START Entries shown

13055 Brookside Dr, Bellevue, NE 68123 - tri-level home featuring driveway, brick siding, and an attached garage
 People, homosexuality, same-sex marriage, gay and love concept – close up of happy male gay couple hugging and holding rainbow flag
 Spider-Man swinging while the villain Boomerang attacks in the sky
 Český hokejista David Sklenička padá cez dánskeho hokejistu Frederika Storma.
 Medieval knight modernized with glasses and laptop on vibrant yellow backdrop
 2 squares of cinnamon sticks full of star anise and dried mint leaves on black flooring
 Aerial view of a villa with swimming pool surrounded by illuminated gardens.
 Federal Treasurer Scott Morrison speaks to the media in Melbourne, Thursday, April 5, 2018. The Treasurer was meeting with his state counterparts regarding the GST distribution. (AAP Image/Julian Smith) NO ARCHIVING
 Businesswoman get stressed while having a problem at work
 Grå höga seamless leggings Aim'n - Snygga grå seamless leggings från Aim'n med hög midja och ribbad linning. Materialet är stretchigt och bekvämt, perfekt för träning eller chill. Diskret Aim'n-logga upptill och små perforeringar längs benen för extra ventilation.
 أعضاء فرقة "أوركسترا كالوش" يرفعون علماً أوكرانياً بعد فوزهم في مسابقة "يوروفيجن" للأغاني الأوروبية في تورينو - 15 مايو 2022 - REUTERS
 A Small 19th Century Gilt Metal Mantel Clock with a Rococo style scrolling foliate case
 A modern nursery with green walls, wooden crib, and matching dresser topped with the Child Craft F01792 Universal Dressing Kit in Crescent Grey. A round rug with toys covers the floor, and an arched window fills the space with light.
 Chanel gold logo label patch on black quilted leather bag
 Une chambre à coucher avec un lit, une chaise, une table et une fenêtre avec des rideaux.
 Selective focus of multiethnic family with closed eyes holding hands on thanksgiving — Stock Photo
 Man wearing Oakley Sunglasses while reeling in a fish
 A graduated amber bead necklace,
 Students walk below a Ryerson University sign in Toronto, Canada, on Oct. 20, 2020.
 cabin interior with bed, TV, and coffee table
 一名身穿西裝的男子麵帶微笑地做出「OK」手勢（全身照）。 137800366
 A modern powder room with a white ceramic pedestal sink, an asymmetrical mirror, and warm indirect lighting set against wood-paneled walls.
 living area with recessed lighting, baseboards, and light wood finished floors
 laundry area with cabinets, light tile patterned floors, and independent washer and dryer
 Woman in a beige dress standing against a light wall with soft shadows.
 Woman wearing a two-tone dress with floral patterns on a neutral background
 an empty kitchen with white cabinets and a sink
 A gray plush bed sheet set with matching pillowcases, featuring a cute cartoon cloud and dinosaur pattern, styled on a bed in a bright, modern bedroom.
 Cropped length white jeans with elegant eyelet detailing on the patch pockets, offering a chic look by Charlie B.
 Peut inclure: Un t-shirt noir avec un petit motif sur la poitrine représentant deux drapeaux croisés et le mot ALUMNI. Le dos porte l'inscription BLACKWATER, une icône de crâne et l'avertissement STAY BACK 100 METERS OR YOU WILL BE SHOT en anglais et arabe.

END Entries shown

## Work task
Starting at the line with "living area with", restate every line word for word through the end of the listing above.

## Answer section
 living area with recessed lighting, baseboards, and light wood finished floors
 laundry area with cabinets, light tile patterned floors, and independent washer and dryer
 Woman in a beige dress standing against a light wall with soft shadows.
 Woman wearing a two-tone dress with floral patterns on a neutral background
 an empty kitchen with white cabinets and a sink
 A gray plush bed sheet set with matching pillowcases, featuring a cute cartoon cloud and dinosaur pattern, styled on a bed in a bright, modern bedroom.
 Cropped length white jeans with elegant eyelet detailing on the patch pockets, offering a chic look by Charlie B.
 Peut inclure: Un t-shirt noir avec un petit motif sur la poitrine représentant deux drapeaux croisés et le mot ALUMNI. Le dos porte l'inscription BLACKWATER, une icône de crâne et l'avertissement STAY BACK 100 METERS OR YOU WILL BE SHOT en anglais et arabe.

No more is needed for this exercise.